Threshold	Pixels on the scan profile that meet or exceed the threshold value are used to produce the range image. Pixels below the threshold are considered missing. The range is 0 - 255. The default value is 128.
ThresholdDynamic	Allows the sensor to automatically adjust the threshold across the profile to achieve improved results by allowing different thresholds at different portions of the profile. The default value is OFF.
ProfileCameraAcquireDirection	When set to LaserToLens, will adjust the image transform and optionally flip the image vertically to correct mirror imaging. The default value is LensToLaser.
AutoCorrectPixelRowOrder	When True (default) and ProfileCameraAcquireDirection is set to LaserToLens, the acquired range image will be flipped vertically to remove mirroring.
InterPacketTimeout	Ccontrols the maximum interval of how long the driver will wait between packets before timing out. Since the DS9xx Sensors send packets as they are being acquired, any stoppage of extreme slowing of motion when using the encoder will cause acquisitions to fail. The default is 1000 mSec.
LaserMode	Strobed (default) - Turn on the laser when starting acquisition (with delay as specified in LaserDelay) and turn off laser when the acquisition stops, i.e. "Laser On only during acquisition". Manual - The acquisition code does not control the laser, the user controls it via the CPLaserPower XML feature. This is intended for situations where an objectionally long LaserDelay setting would be required to produce reliable acquisition. SUMMARY: Turn off delay: LaserMode=Strobed, LaserDelay=0 Turn off strobing, laser on: LaserMode=Manual, CPLaserPower=StandardPower Turn off strobing, laser off: LaserMode=Manual, CPLaserPower=Off
LaserDelay	Specifies a delay time, in seconds, between laser turn on and the start of acquisition. The default is 0.005 (5 mSec). An acquisition error will occur if the delay is set to longer than 1 second. Setting LaserDelay to 0 results in no delay.
CameraFeatures Category | AlgorithmControl
Median	Defines a kernel size for a median filter to be applied to the profile to assist in smoothing and noise reduction. Possible values are disable, Median3, Median5, and Median7. The default value is disable.
Average	Defines a kernel size for an averaging filter to be applied to the profile to assist in smoothing and noise reduction. Possible values are disable, Average3, Average5, and Average7. The default value is disable.

Caution
After changing any custom parameter, it is critical to click on a different parameter so that the modified row loses focus in order for that change to take effect! Clicking on a different tab also sets the properties.

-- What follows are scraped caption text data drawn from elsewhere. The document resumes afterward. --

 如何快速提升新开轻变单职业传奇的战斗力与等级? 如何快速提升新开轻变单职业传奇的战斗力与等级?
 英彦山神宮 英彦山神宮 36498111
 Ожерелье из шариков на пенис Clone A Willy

1. View the profile: Go to the Custom Properties tab and set the CameraMode property to Intensity. Start live video, fit the image to the display, and then raise/lower the camera until a stripe/profile of the target part is seen in the middle portion of the image. Close the live video window and set the property back to Range.

   Note
   The measuring field used for Intensity mode is measuring field 0, which is not the default for Range Mode acquisition.

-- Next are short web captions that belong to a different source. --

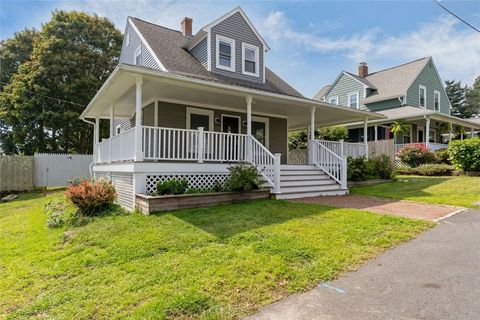 34 Chapin Avenue Warwick RI 02889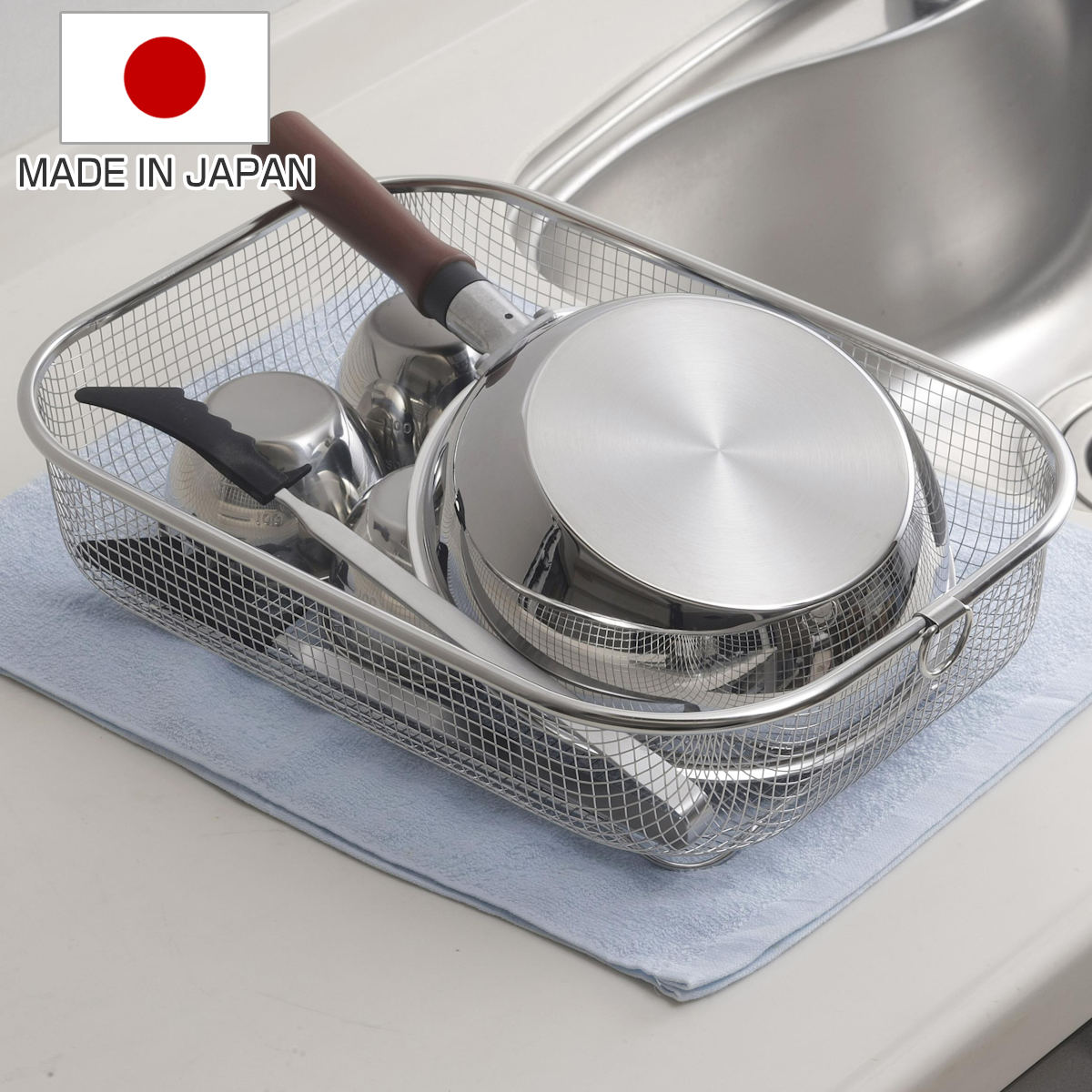 燕三条 水切りかご シンプル」の人気商品一覧・価格比較 - 価格.com
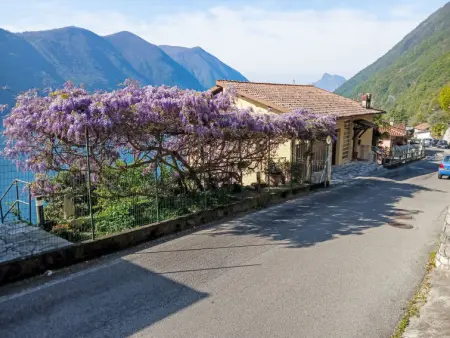 Miralago, Appartement 6 personnes à Valsolda - Photo 31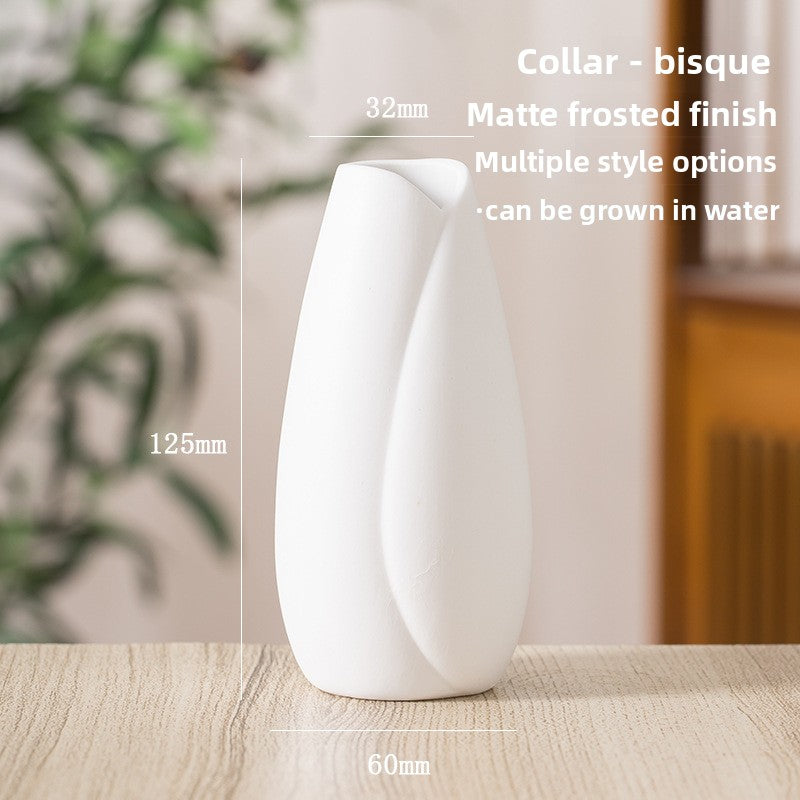 Ceramic Vase
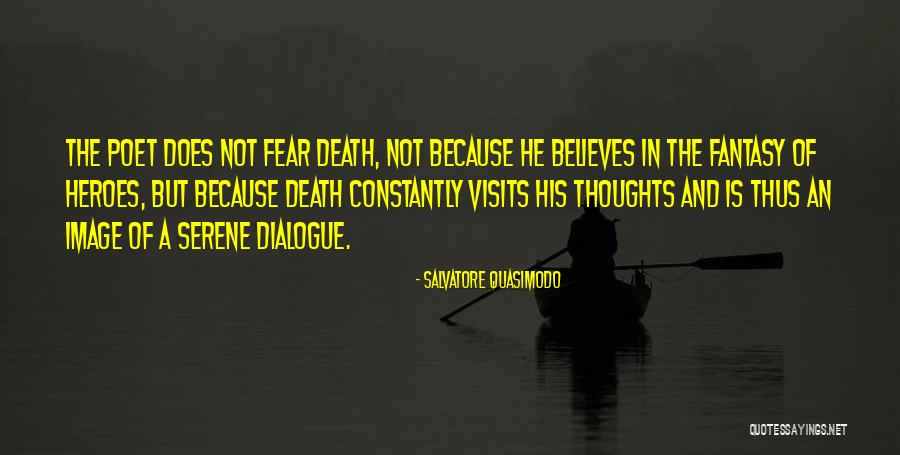 Salvatore Quasimodo Quotes 1863204 Salvatore Quasimodo Quotes 1863204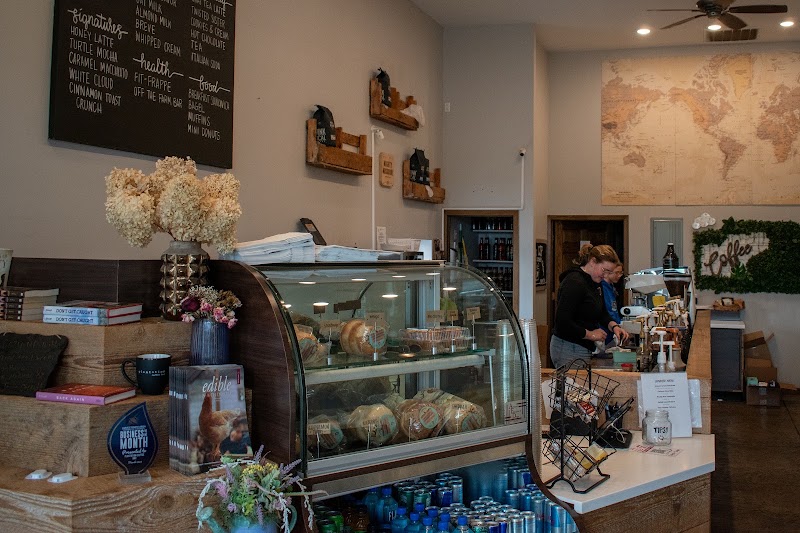 Plantation Coffee Bar photo 3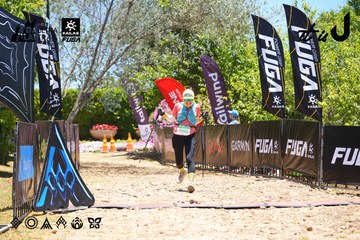 Dalat Ultra Trail 2026 - Ảnh #4700679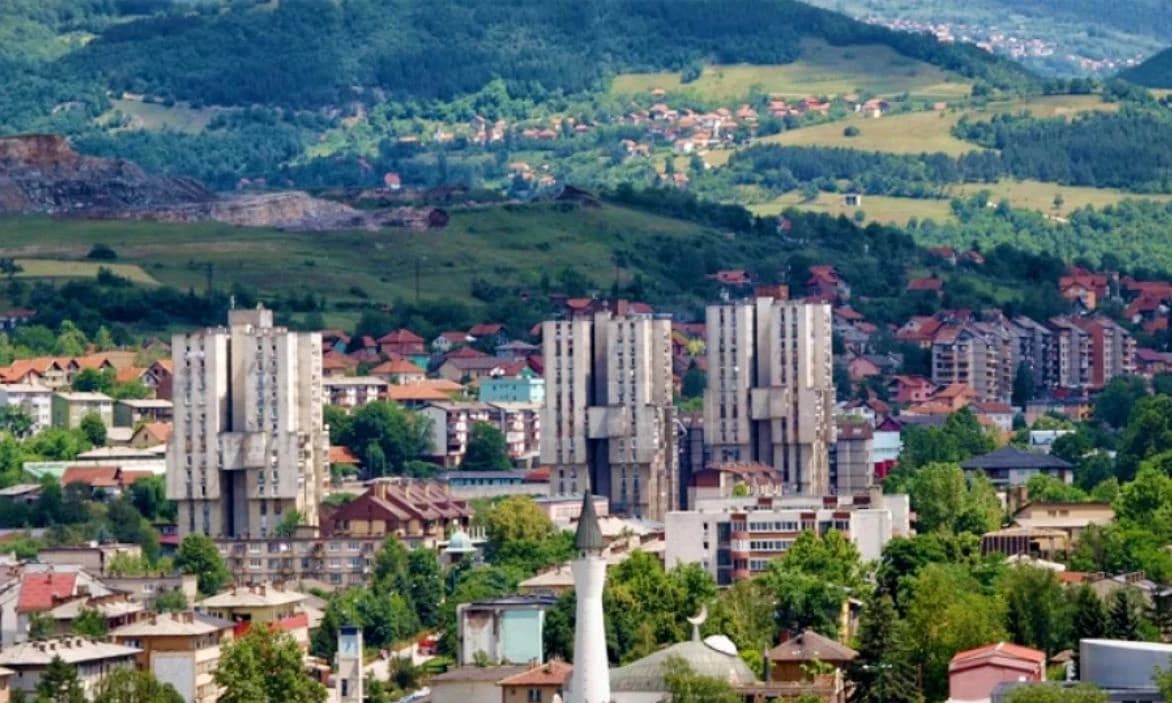 Kakanj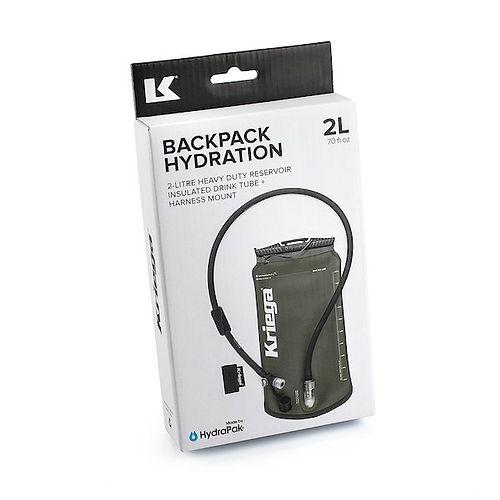 取寄 ハイドラパックリザーバーElite HD 2L HYPAKEHD2 クリーガの画像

2. Go to the Custom Properties tab, and set the MeasuringField property to 0. This enables processing of data in the entire measuring trapezoid.
3. Keep the MotionInput setting in the default SimulatedEncoder state, and acquire a Range image. Observe whether or not data is missing. If data is missing, it may be due to the exposure being too low and/or the Threshold setting being too high. For many applications an exposure of 0.5 is appropriate. Also, it is not unusual to reduce the threshold from the default value of 128 to 64 or lower. The Threshold can be adjusted on the Custom Properties tab. Change the Exposure or Threshold and re-acquire, until you achieve a good image.
4. Narrow your measuring field to achieve higher scan rate. If the scanned profiles may only appear in a specific segment of the working section, you can set a non-zero MeasuringField value in Custom Properties, using Appendix A below. Acquire images of your part and refine your MeasuringField. (You may still use the Simulated Encoder even if you will be using a physical encoder). Make sure that all sections of the part are visible. For dimensions of the working section of your DS900 unit, refer to the DS900 Quick Reference Guide.

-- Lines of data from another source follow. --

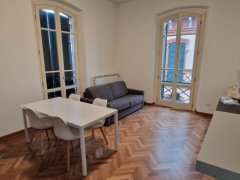 FURNISHED TWO-ROOM APARTMENTS WITH SERVICE AND CELLAR - 44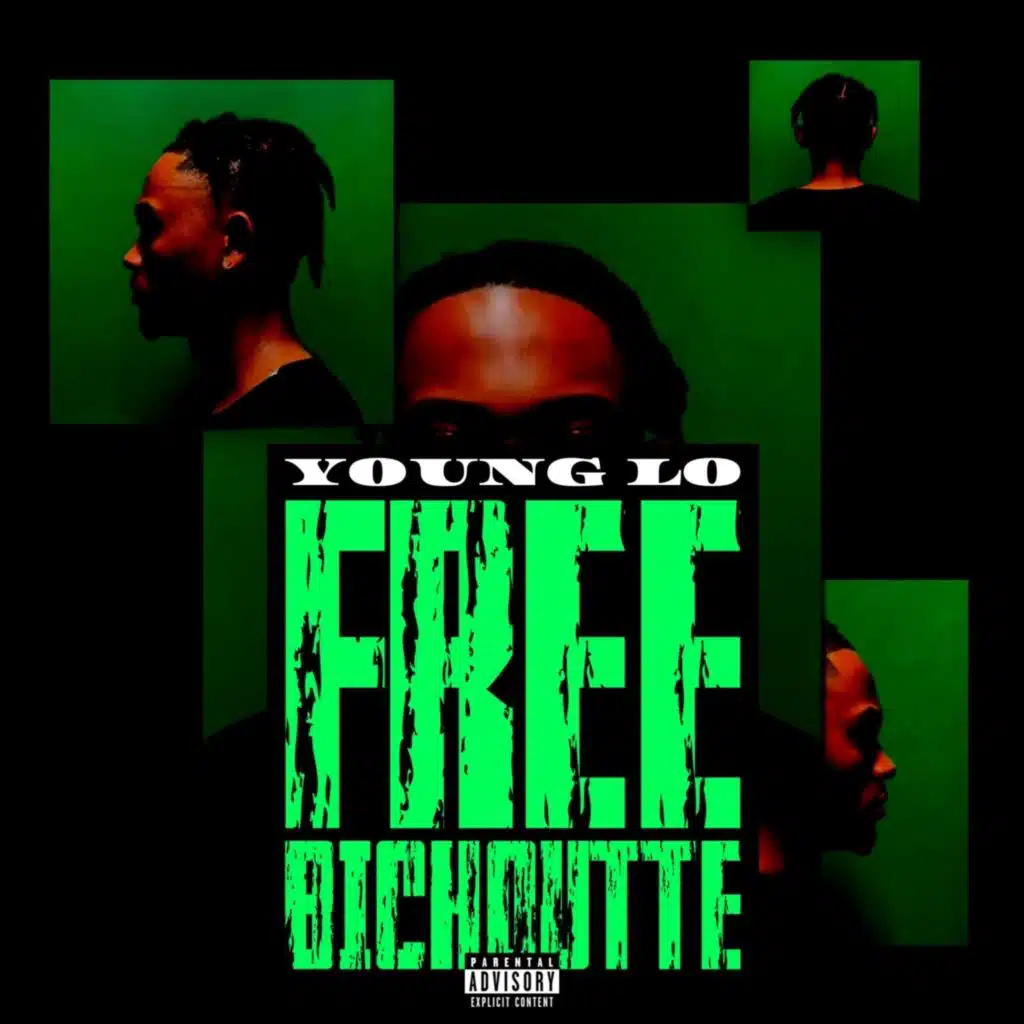 Young Lo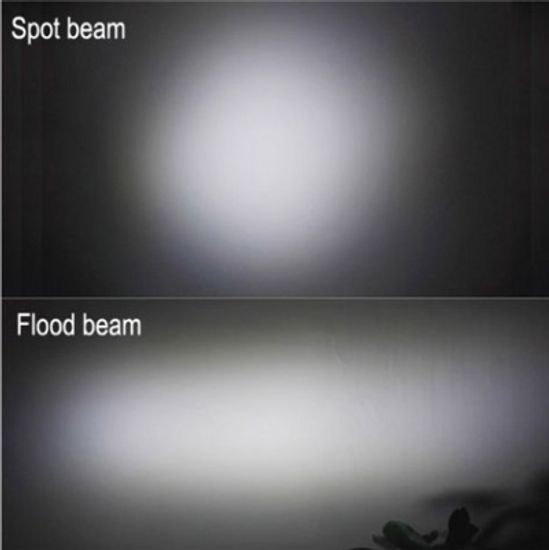 Светодиодный прожектор-МЕГАфара ATW 096 – копия ARB (Австралия)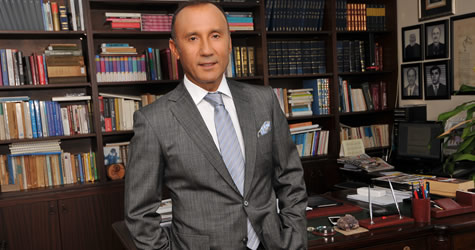 talip emiroğlu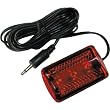 Strobe Light For Weather And All Hazards Alert Radios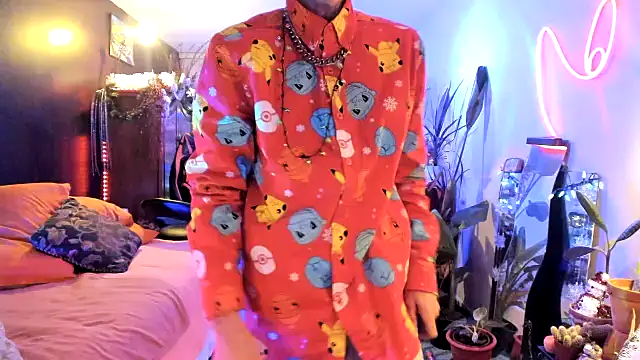 Snapshot of leatherz69 chatting on 27, 12, 2024 leatherz69 online show from 27, 12, 2024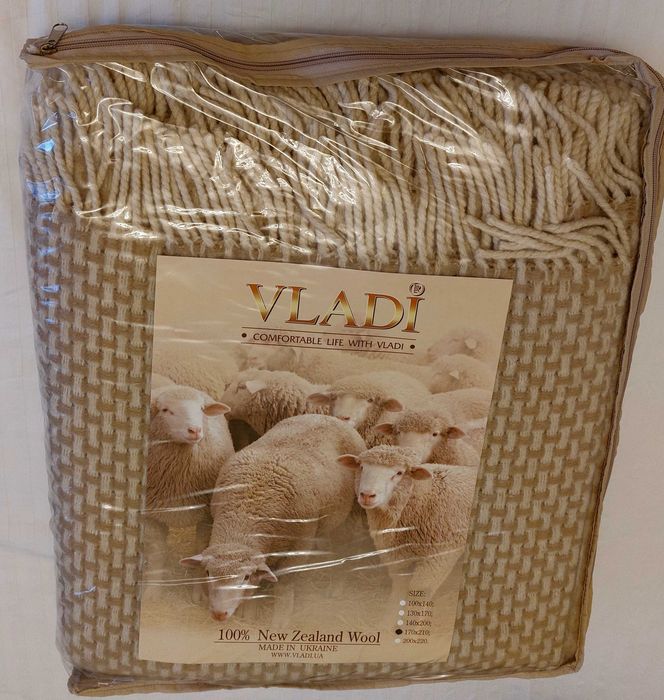 Покрывало-одеяло Плед Покривало Ковдра премиум качества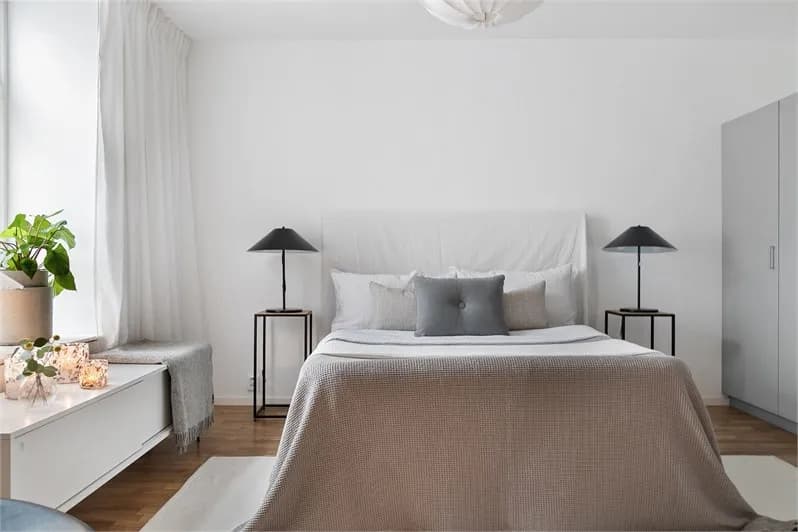 Hyreslägenhet på Höör i hoor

5. Define Y coordinate space of the Range image. The acquisition line rate and the generated Y coordinate axis depends on the following parameters: DistancePerCycle, StepsPerLine and ExpectedMotionSpeed. The ExpectedMotionSpeed property only applies if you are using a simulated encoder. (In case of using a physical encoder the speed of acquisition is determined by the speed of the moving part.) As you start acquiring with non-default settings you may experience timeout conditions. You should set sufficiently big timeouts during this setup phase, which you should refine later. See Step 8 for details.

   1. If you are using a physical encoder, follow the steps below:

      • Set the MotionInput to Encoder. The ExpectedMotionSpeed value is ignored in this case.
      • Determine the maximum line rate supported by your selected Measuring field. Consult with Appendix A below.
      • Set the DistancePerCycle value, which is a property of your encoder. It denotes the distance for one complete quadrature waveform (cycle) of the encoder. The distance unit is millimeter.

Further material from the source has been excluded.